Dear Governor Bullock:

As taxpayers who have footed the bill for the Compact Commission at least over the last decade, no one could be more disappointed that the Montana Reserved Water Rights Compact Commission failed to produce a viable Compact that could pass legislative muster than we are.  The Compact Commission had ten years of negotiation, all the state, federal, and tribal resources/communication it needed, one year of public meetings, plenty of time to lobby, the normal hearing before the appropriate legislative Committee, and a blast motion to the floor, and it still failed.  That sends a strong signal that the public wants a Compact agreement (10+ years of negotiation), but not this Compact (did not pass 2013 legislative session).

But your veto of the amended SB 265 sends the wrong message to the public, the Tribes, and the Montana Legislature.  Your veto sunsets the Compact Commission so further discussions are ruled out, even though funds are available and the public supports a settlement by Compact.  The veto rewards the CSKT for not negotiating its Compact position held firm since 2001—the position that was once ruled out by the state.  And by asking the Compact Commission to report on itself with no directions to change the Compact according to the public’s concerns, the veto tells the Legislature that “it’s this Compact or litigation”.  But the people and legislature rejected this compact for good reason.

If you are leaving people with just one choice—litigation—you might want to describe that it is not all bad, and actually may be appropriate here. We understand that in a litigation/adjudication framework, neither the state nor the federal government will be required to come up with any settlement funding.  We also understand that many of the Tribes’ expansive claims—like ownership of all water—would not be successful.

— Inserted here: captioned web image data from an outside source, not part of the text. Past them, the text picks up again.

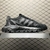 Tênis Adidas Retropy P9 na internet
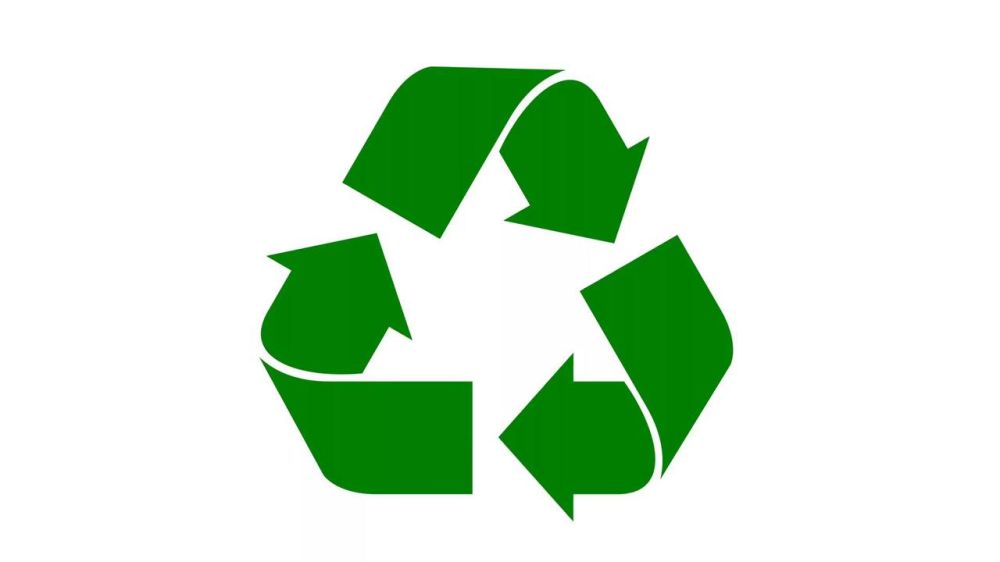 ДНР запускает проект по переработке отходов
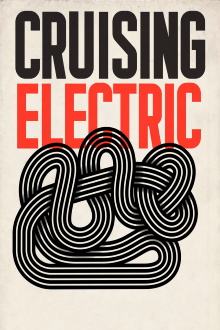 Cruising Electric (1980) Trailer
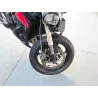 TRIUMPH STREET TRIPLE 660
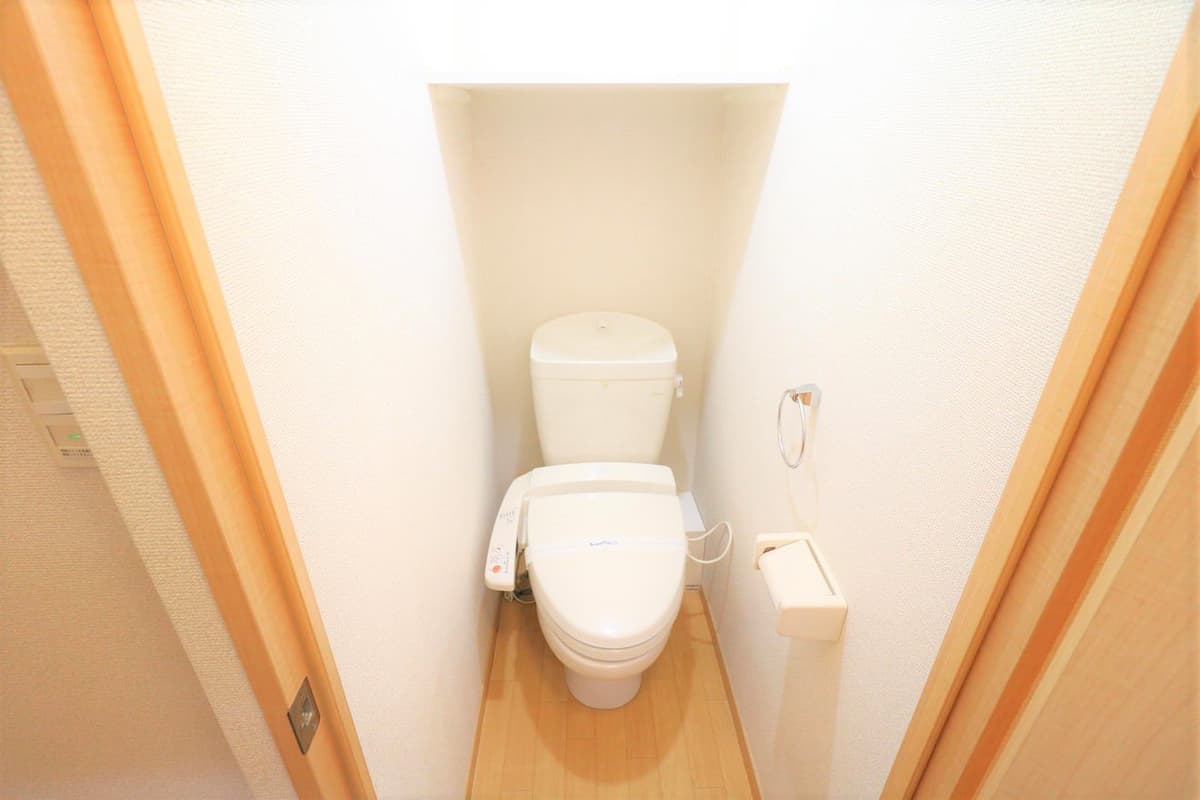Room image 15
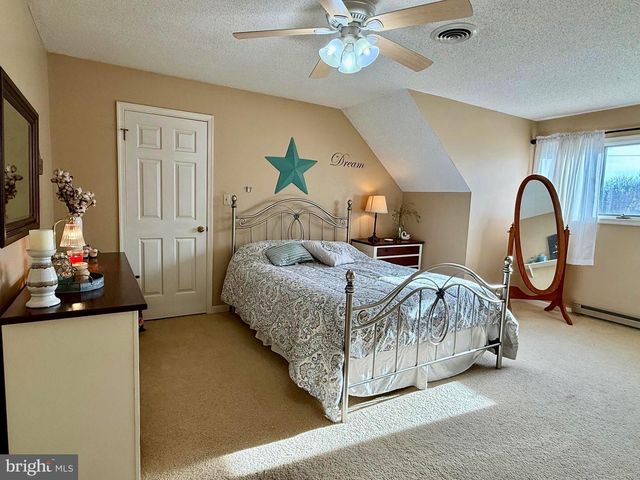 752 PANORAMA DR, Martinsburg, WV 25403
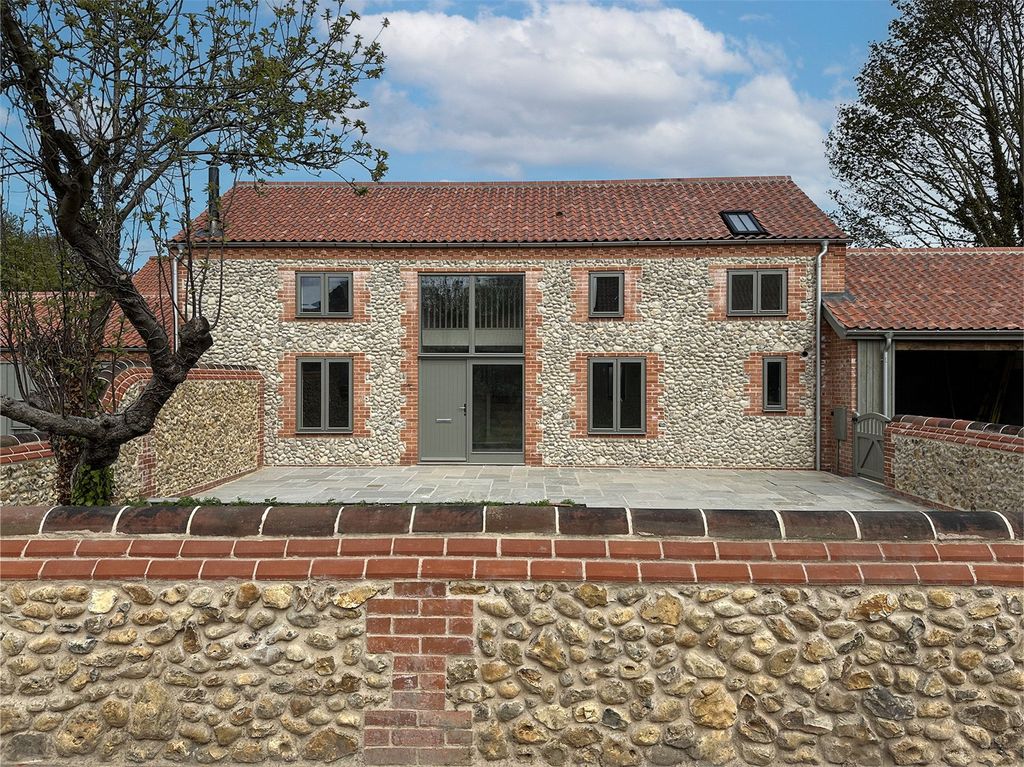 Property photo 1 of 13 Picture No. 01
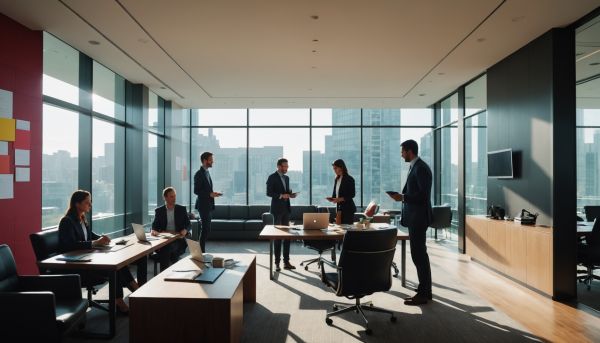 Comment réduire les coûts de votre organisation ?
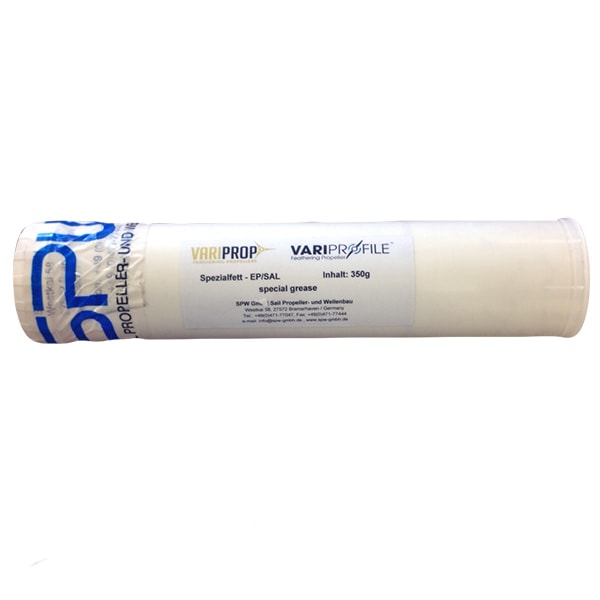 ab-marine.com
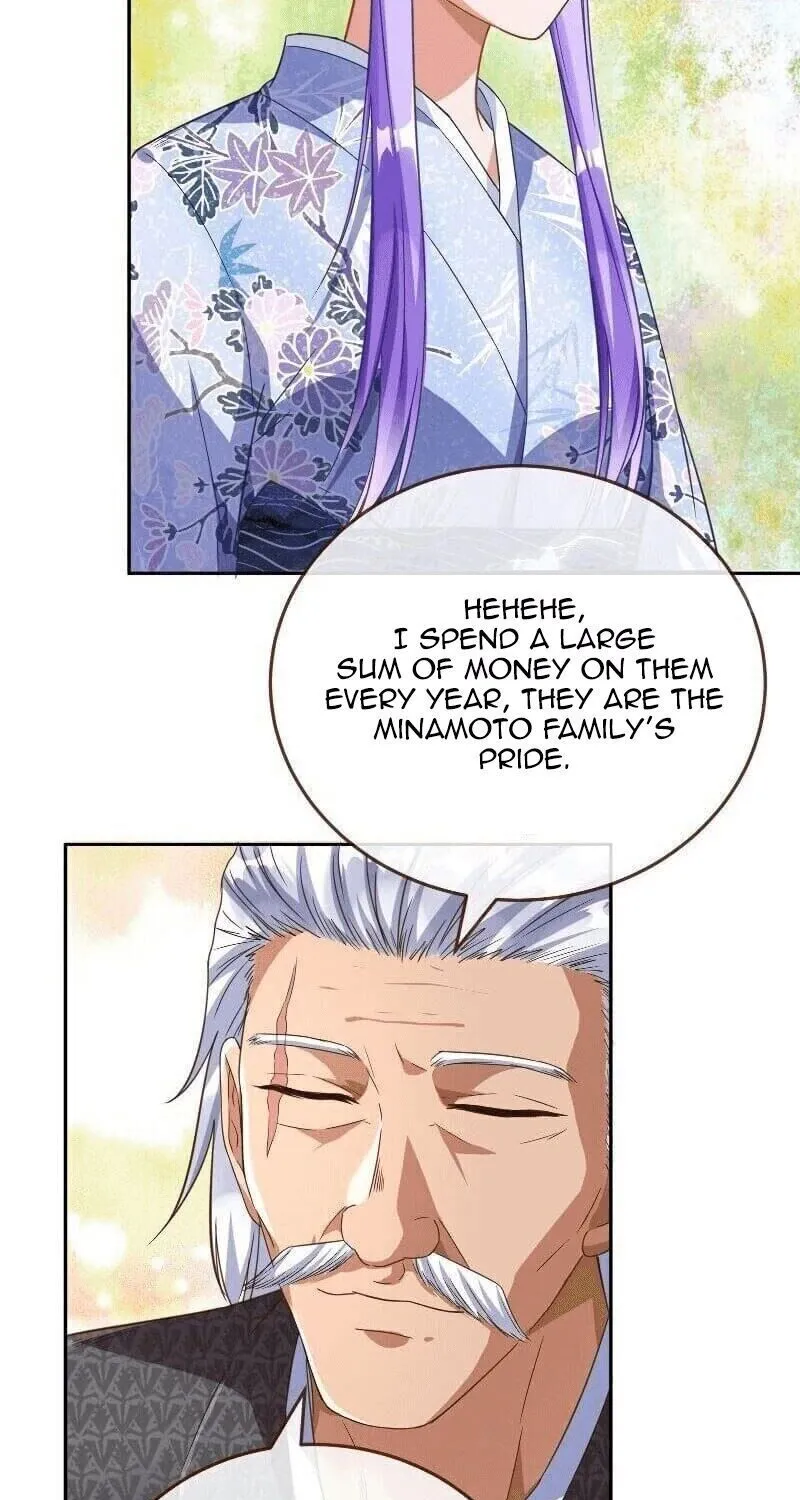 Read Cheating Men Must Die chapter 209 image 24 on Lezhin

In the framework of general stream adjudication, there are legal boundaries that can’t be crossed—like they have been in these Compact negotiations.

Leadership is hard work.  If the State, the Tribes, and the Governor want an agreement that is truly fair and equitable, they can produce one.  That will require all the parties to act like statesmen and stateswomen, and yes, the Tribes must move away from their entrenched positions and actually make some real concessions.  If the parties cannot do this, then do the honorable thing and get the work done in Court.